The following is the first in a series of weekly reflections composed for distribution to Peace Fellowship Church in Washington, D.C. All of the reflections for Lent are derived from Luke 4, focusing on themes of wilderness and temptation.
Like many of the stories in the gospels, Jesus’s temptation is thick with meaning. Luke, like the other evangelists, is laying Jesus’s story on top of Israel’s story, as if Jesus is continuing her story, but in a new, more faithful way. Readers of Luke’s account would not have missed the parallel between the 40 days Jesus wanders in the desert and the 40 years of their Israelite ancestors. For the Israelites, their wandering ended at the Jordan River, as they crossed into the Promised Land. For Jesus (if you jump back to Chapter 3), his journey into the wilderness begins at the Jordan with his baptism and affirmation. Indeed, the very temptations mirror Israel’s: provision (Luke 4:3, Exodus 16), worship (Luke 4:6, Exodus 32), and trust (Luke 4:9, Exodus 17).

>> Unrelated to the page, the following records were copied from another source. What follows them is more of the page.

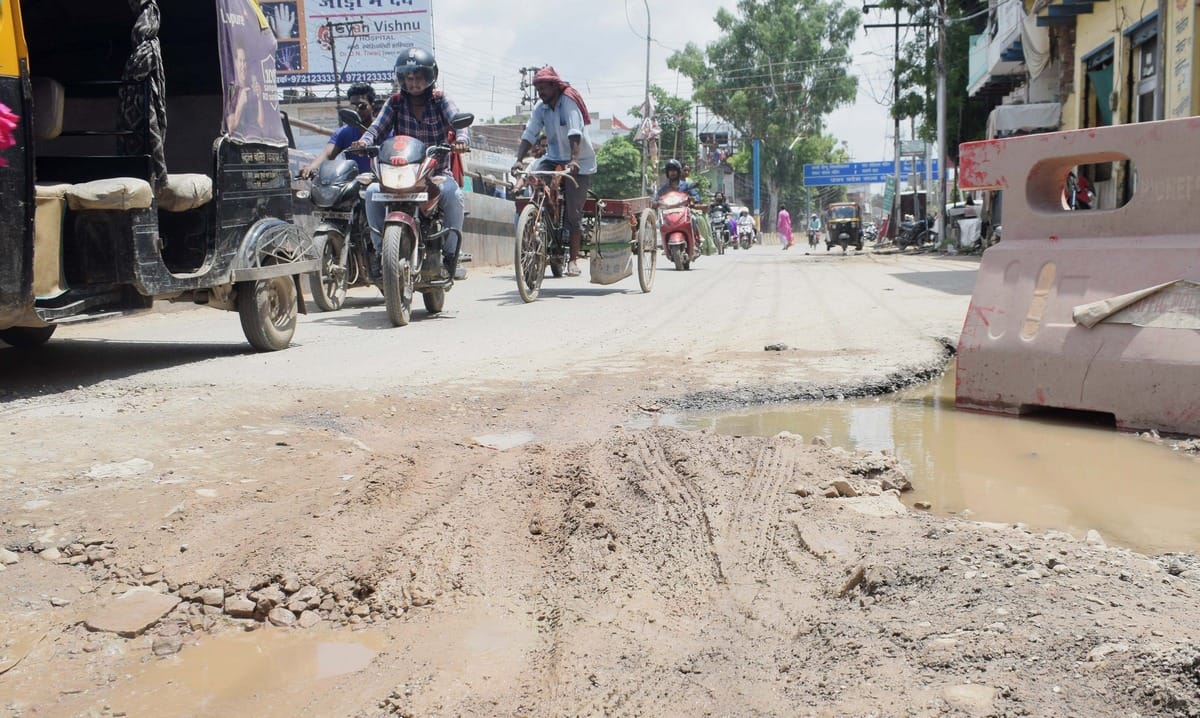 waterlogging raod narrow traffic jam after rain in manduadih varanasi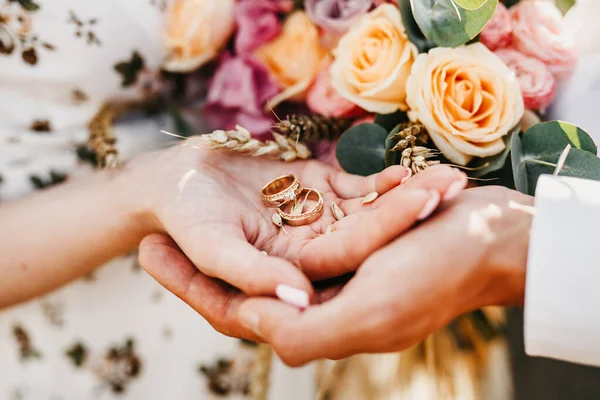 結婚式のカップルは 花の背景に金の指輪を手に持っています — ストック写真
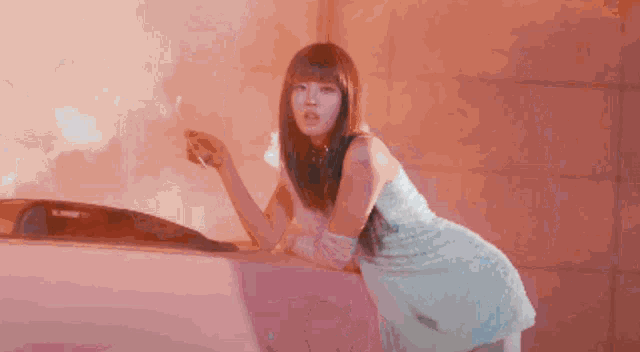 a woman in a white dress is standing next to a pink car
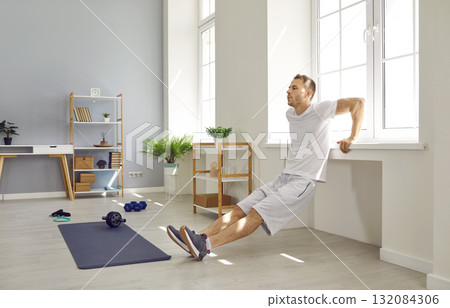 Fit, strong man doing triceps dips by window sill during fitness workout at home Fit, strong man doing triceps dips by window sill during fitness workout at home 132084306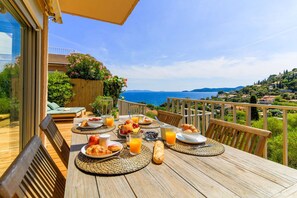 Enjoy a seaside breakfast on this deck with a dining table set amidst breathtaking views.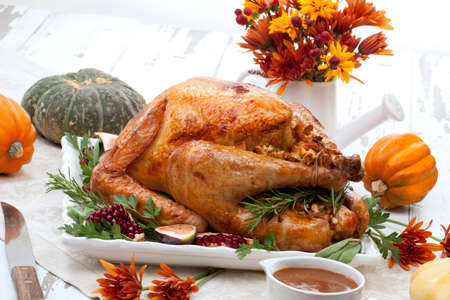 Garnished traditional roasted turkey for Thanksgivingの写真素材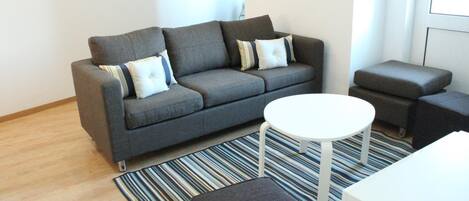 Una sala de estar moderna con un sofá gris, una mesa de centro blanca y una alfombra a rayas.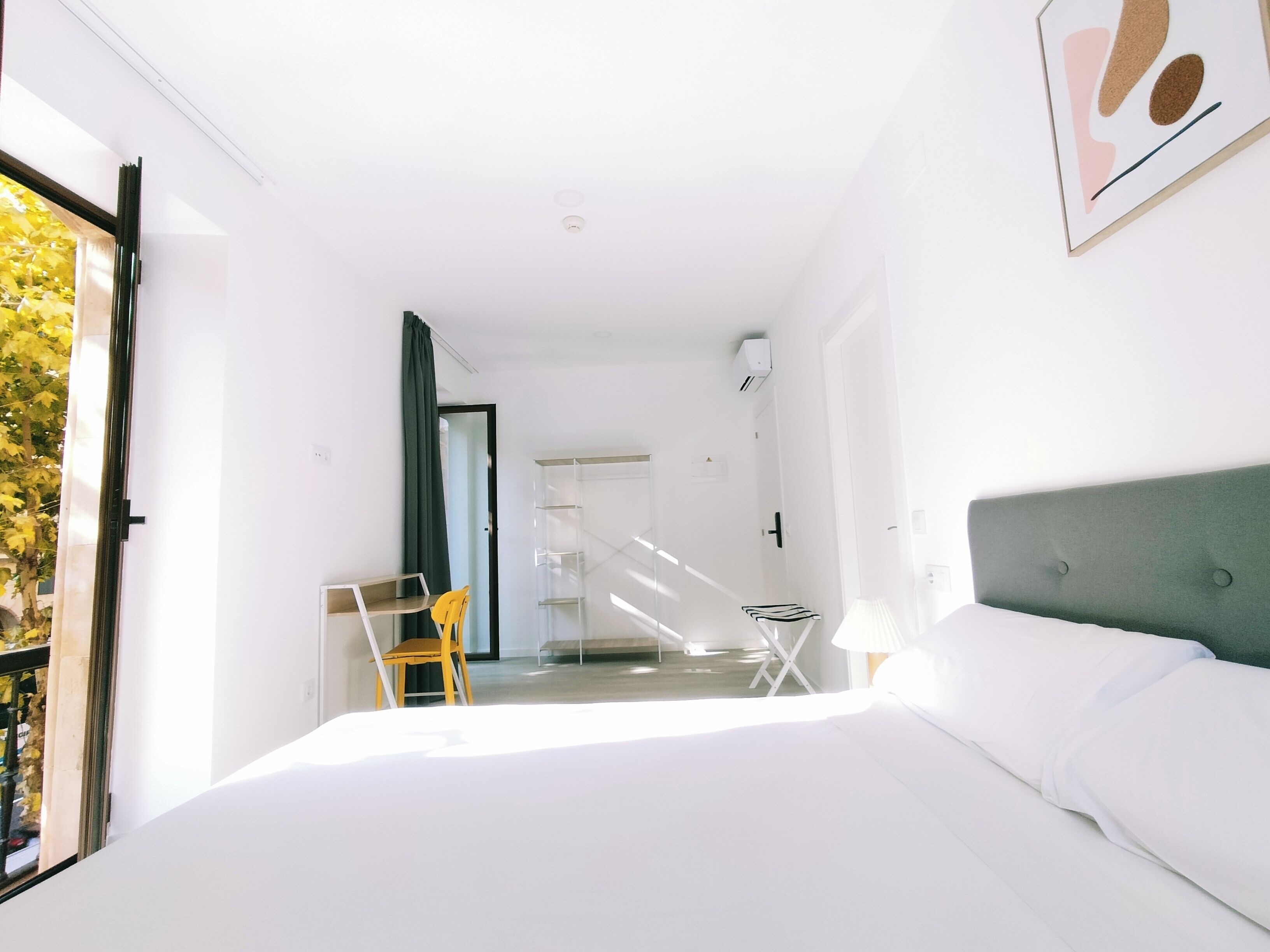 A modern hotel room with a large bed, a desk, a chair, and a view of the outdoors.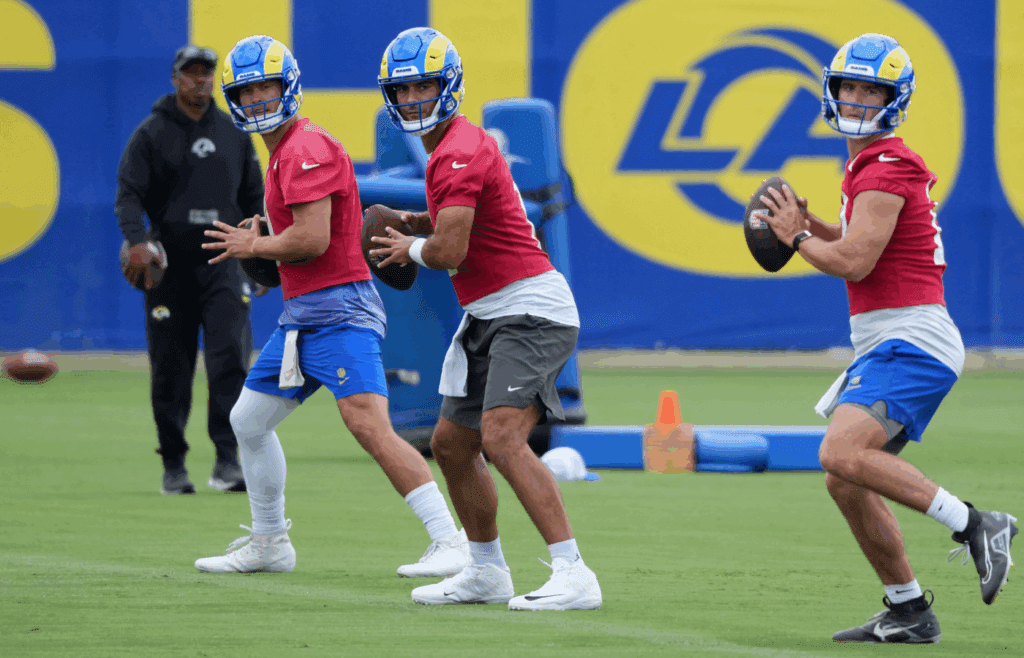 Jun 3, 2025; Woodland Hills, CA, USA; Los Angeles Rams quarterbacks Matthew Stafford (left), Jimmy Garoppolo (center) and Stetson Bennett throw the ball during organized team activities at Rams Practice Facility. Mandatory Credit: Kirby Lee-Imagn Images
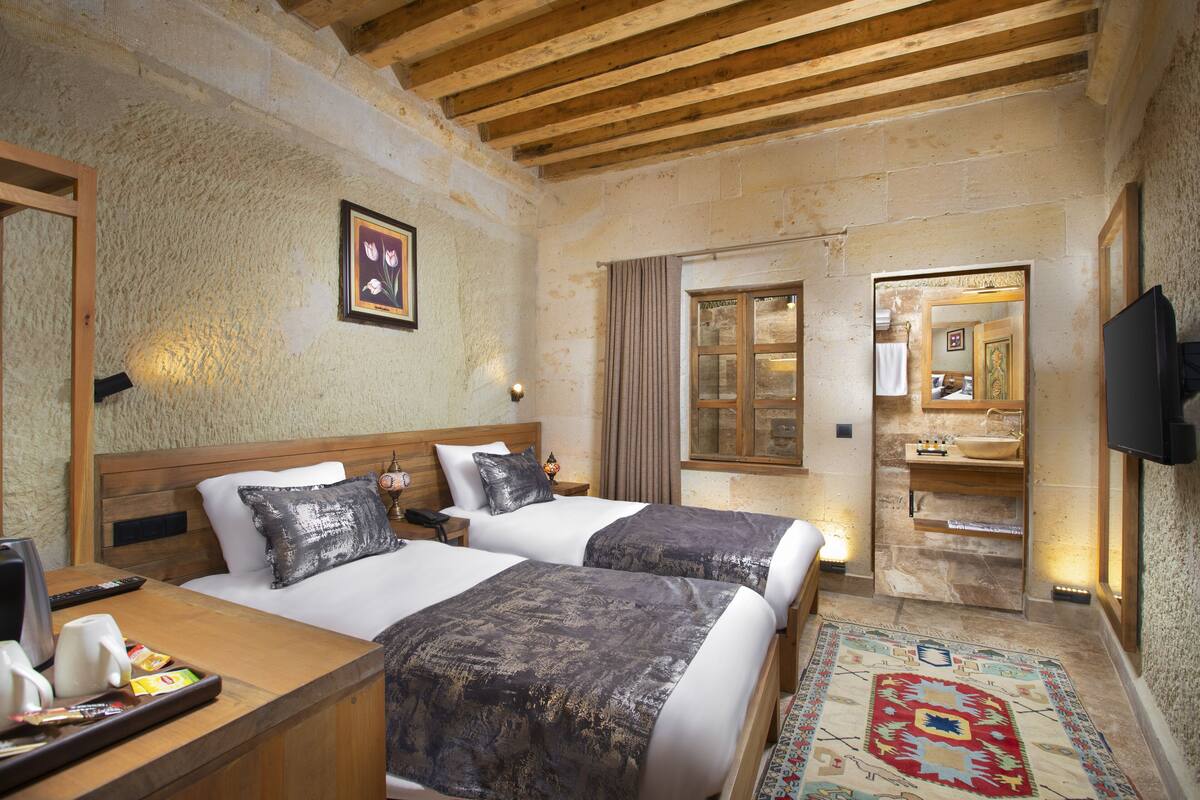 A hotel room with two beds, a wooden ceiling, a large mirror, a television, and a small table with a tray of items.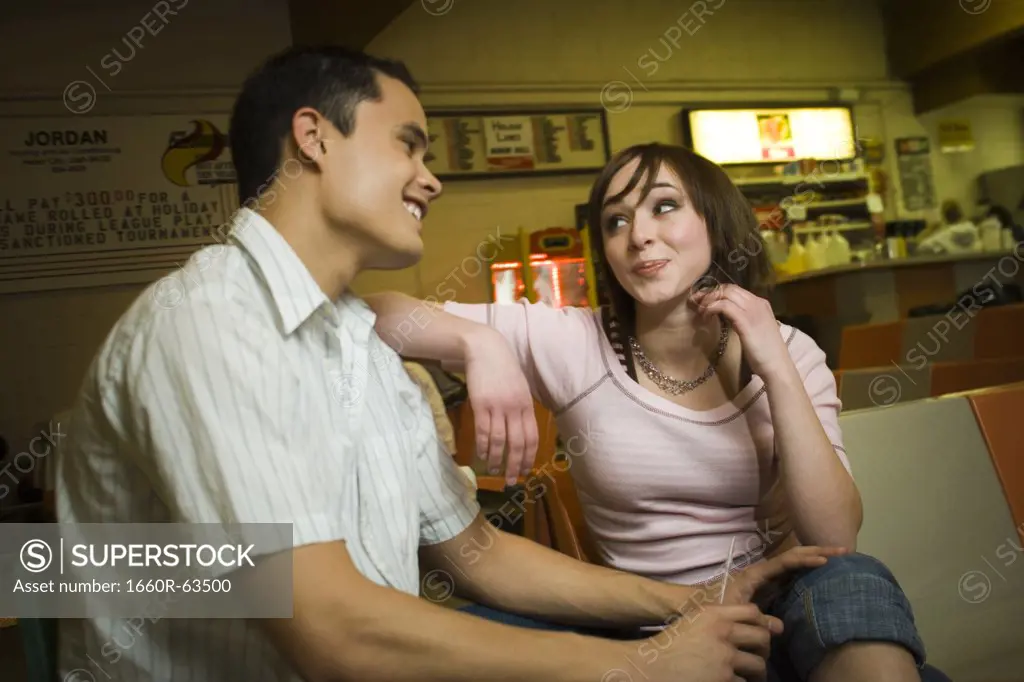 Low angle view of a young man sitting with a teenage girl in a bowling alley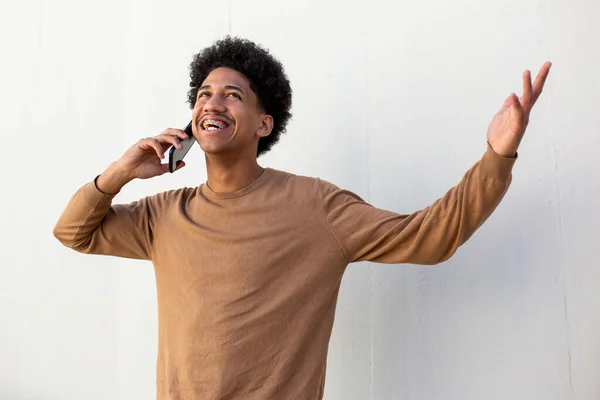 portrait of a cool and fashionable African-American man talking with mobile phone
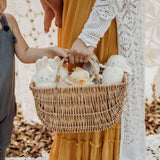 Parent and child holding onto a basket of small plush animals, including bunnies, a chick and a lamb.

Israel entered into the desert after years in slavery to Egypt. Yet, Moses’s original plea with Pharaoh was about not about freedom, but worship. The people needed be allowed to leave in order to properly worship God in the wilderness. That is striking: the God of Israel is found in the wilderness, not among the injustice, power, and might of Egypt, but in the abandoned places. Yet, when the Israelites did finally get to the wilderness, they longed for their chains, remembering bountiful feasts and plenty (neither of which were true). They worshiped not God, but a golden calf. They found the wilderness to be difficult, and they succumbed to temptation. Story after story in Israel’s history shows them getting it wrong, refusing to worship God alone and ultimately seeing their temple destroyed and the presence of God gone from their midst. Who, then, can redeem them?
Jesus. Jesus demonstrates the faithful way through the wilderness. He trusts God to provide; worships God alone; and he refuses to put God to the test, knowing God is above all.
As we enter these 40 days in the wilderness, let us remember that this season is not simply about fasting, or remembering, or hoping, though it is these as well. It is fundamentally about worship. We can find God in the wilderness and abandoned places, whether that is among the forgotten and lonely, the hurt, or the imprisoned. When we worship God in the desert, we leave behind our control, our dependence on material possessions, and the lure of Egypt, whatever that is for each of us. Instead, we wholly trust God to provide, no matter what temptations come.